According to Bob Thomas' book King Cohn, studio chief Harry Cohn always placed a high priority on serials. Beginning in 1937, Columbia entered the lucrative serial market and kept making these weekly episodic adventures until 1956, after other studios had discontinued them. The most famous Columbia serials are based on comic-strip or radio characters: Mandrake the Magician, The Shadow, Terry and the Pirates, Captain Midnight, The Phantom, Batman, and the especially successful Superman, among many others.

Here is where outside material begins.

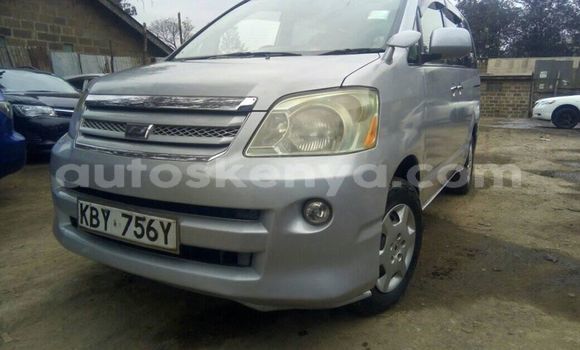 Nunua Ilio tumika Toyota Noah Fedha Gari ndani ya Nairobi nchini Nairobi Nunua Ilio tumika Toyota Noah Fedha Gari ndani ya Nairobi nchini Nairobi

Columbia also produced musical shorts, sports reels, and travelogues. Its "Screen Snapshots" series, showing behind-the-scenes footage of Hollywood stars, was a Columbia perennial that the studio had been releasing since the silent-movie days; producer-director Ralph Staub kept this series going through 1958.
1940s
In the 1940s, propelled in part by the surge in audiences for their films during World War II, the studio also benefited from the popularity of its biggest star, Rita Hayworth. Columbia maintained a long list of contractees well into the 1950s; Glenn Ford, Penny Singleton, William Holden, Judy Holliday, The Three Stooges, Ann Miller, Evelyn Keyes, Ann Doran, Jack Lemmon, Cleo Moore, Barbara Hale, Adele Jergens, Larry Parks, Arthur Lake, Lucille Ball, Kerwin Mathews and Kim Novak.Harry Cohn monitored the budgets of his films, and the studio got the maximum use out of costly sets, costumes, and props by reusing them in other films. Many of Columbia's low-budget "B" pictures and short subjects have an expensive look, thanks to Columbia's efficient recycling policy. Cohn was reluctant to spend lavish sums on even his most important pictures, and it was not until 1943 that he agreed to use three-strip Technicolor in a live-action feature. Columbia was the last major studio to employ the expensive color process. Columbia's first Technicolor feature was the western The Desperadoes, starring Randolph Scott and Glenn Ford. Cohn quickly used Technicolor again for Cover Girl, a Hayworth vehicle that instantly was a smash hit, released in 1944, and for the fanciful biography of Frédéric Chopin, A Song to Remember, with Cornel Wilde, released in 1945. Another biopic, 1946's The Jolson Story with Larry Parks and Evelyn Keyes, was started in black-and-white, but when Cohn saw how well the project was proceeding, he scrapped the footage and insisted on filming in Technicolor.
In 1948, the United States v. Paramount Pictures, Inc. anti-trust decision forced Hollywood motion picture companies to divest themselves of the theater chains that they owned. Since Columbia did not own any theaters, it was now on equal terms with the largest studios. The studio soon replaced RKO on the list of the "Big Five" studios.